Perhaps you'd like to stop bundling your laptop up in blankets. If you've got it on a flat surface, so long as you've dusted the vents out regularly, it shouldn't overheat unless it's a really crappy machine. My MacBook Pro and my friend's HP Envy m6 both handle pretty much everything without blowing up. That said, gaming laptops that are purpose-built for gaming? Ironically enough, they're usually the ones that overheat all the damn time.


----------



## Teal (May 27, 2013)

It takes it a little bit long to get to hot but not by much.
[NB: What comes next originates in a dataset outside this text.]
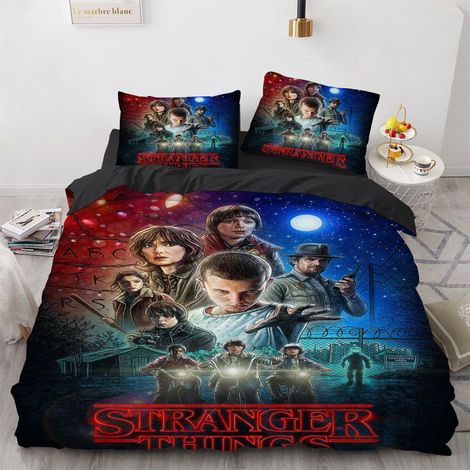 Stranger Things Bettwäsche-Set, Polyester-Bettbezug mit Charakteren aus dem Film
I just keep getting shitty laptops. ;_;


----------



## AshleyAshes (May 28, 2013)

Laptops are not supposed to overheat.  There isn't supposed to be such a thing as a laptop that when you run a high CPU load on it that it will over heat unless there is something wrong with it.  Manufacturing error, cooling system assembled wrong, tonne of dust clogging the vents.  If it's new and have this issue you should return it for repairs or replacement.  If it's not new, you should clean out the vents with compressed air or something.  Every laptop is supposed to be able to sit, running the CPU at 100%, 24/7 without overheating.

I'm actually surprised with how complacent people frequently are with these things.  I mean, if you bought a CHEAP car and it would die if you drove 65mph for more than 3hrs, would you just go 'Aww shucks' or would you go back to the dealer and say 'WTF DUDE?  FIX IT. D:'?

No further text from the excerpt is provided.